ΠΙΖΑΡΟΝ (Αρχαία πόλη) ΜΑΡΚΕ
Attius, Lucius. An early Roman poet of distinction, who forms a link between the ante-classical and classical periods of Latin literature; for Cicero, when a boy, had met him, and in after-life admired his verse. Attius was, like Horace, the son of a freedman, settled at Pisaurum. He began his career with a tragedy, the Atreus, and was the author of thirty-six more, besides Annales in hexameter verse, a history of Greek and Roman poetry (Didascalia), and two praetextae. His literary characteristics are dignity, vigour, and much rhetorical skill in the choice of words. Considerable fragments of his works remain to us, and can be found in Ribbeck's Tragicorum Romanorum Fragmenta (Leipzig, 1874); and L. Muller's Lucilius (1872). He is the author of the famous maxim of the tyrant, Oderint dum metuant, quoted by Cicero. He is said to have introduced some changes into the received forms of spelling, such as doubling the vowels when long, as in modern Dutch--thus aara, vootum. He died B.C. 94. See Boissier, Le Poete Attius (Paris, 1857).

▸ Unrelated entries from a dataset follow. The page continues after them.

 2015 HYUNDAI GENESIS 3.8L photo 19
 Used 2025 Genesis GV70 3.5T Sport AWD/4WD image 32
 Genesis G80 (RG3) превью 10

This text is from: Harry Thurston Peck, Harpers Dictionary of Classical Antiquities. Cited August 2004 from The Perseus Project URL below, which contains interesting hyperlinks


L. Attius was born at Pisaurum, a Roman colony in Umbria, in 170 B.C. The forms Attius and Accius are equally well-attested; but in the Imperial age the form with tt became predominant; and the Greeks always wrote Attios (Teuffel, Hist. Rom. Lit. § 119, 1). The aged Pacuvius, having left Rome in ill-health, was spending the evening of his days at Brundusium, when Attius, then a young man, passed through that place on his way to Asia. Attius was entertained by Pacuvius, and read to him his tragedy Atreus. The old man found it sonorous and elevated, but somewhat harsh and crude; and the younger poet, admitting the defect, expressed his hope that the mellowing influence of time would appear in his riper work. The excellences which Pacuvius recognised must have been present in the maturer writings of Attius, whom Horace calls altus, and Cicero, gravis et ingeniosus poeta. The harshness of his earlier style was due, perhaps, to a youthful excess of that nervous and impetuous character, as Cicero calls it (de Orat. iii. 58, 217), which afterwards distinguished him, and which Ovid expresses by the epithet animosus. Attius was far the most productive of the Roman tragic dramatists. The extant notices and fragments indicate, according to one estimate, about 37 pieces; according to another, about 50. Two of these were praetextatae;--the Brutus, on the downfall of the Tarquins and the Aeneeadae, dealing with the legend of the Decius who devoted himself at the battle of Sentinum. There are indications that Attius was a student of Sophocles, though Euripides was probably his chief model. Thus the verse in his Armorum indicium (fr. 10), virtuti sis par, dispar fortunis patris, is translated from Soph. Ai. 550 f. Among his other celebrated tragedies were the Atreus, Epigoni, Philocteta, Anstigona, Telephus. Cicero, in his youth, had. often listened to the reminiscences of Attius (Brutus, 28, 107). The poet, who was sixty-four at the date of the orator's birth (106 B.C.), must therefore have lived to an advanced age.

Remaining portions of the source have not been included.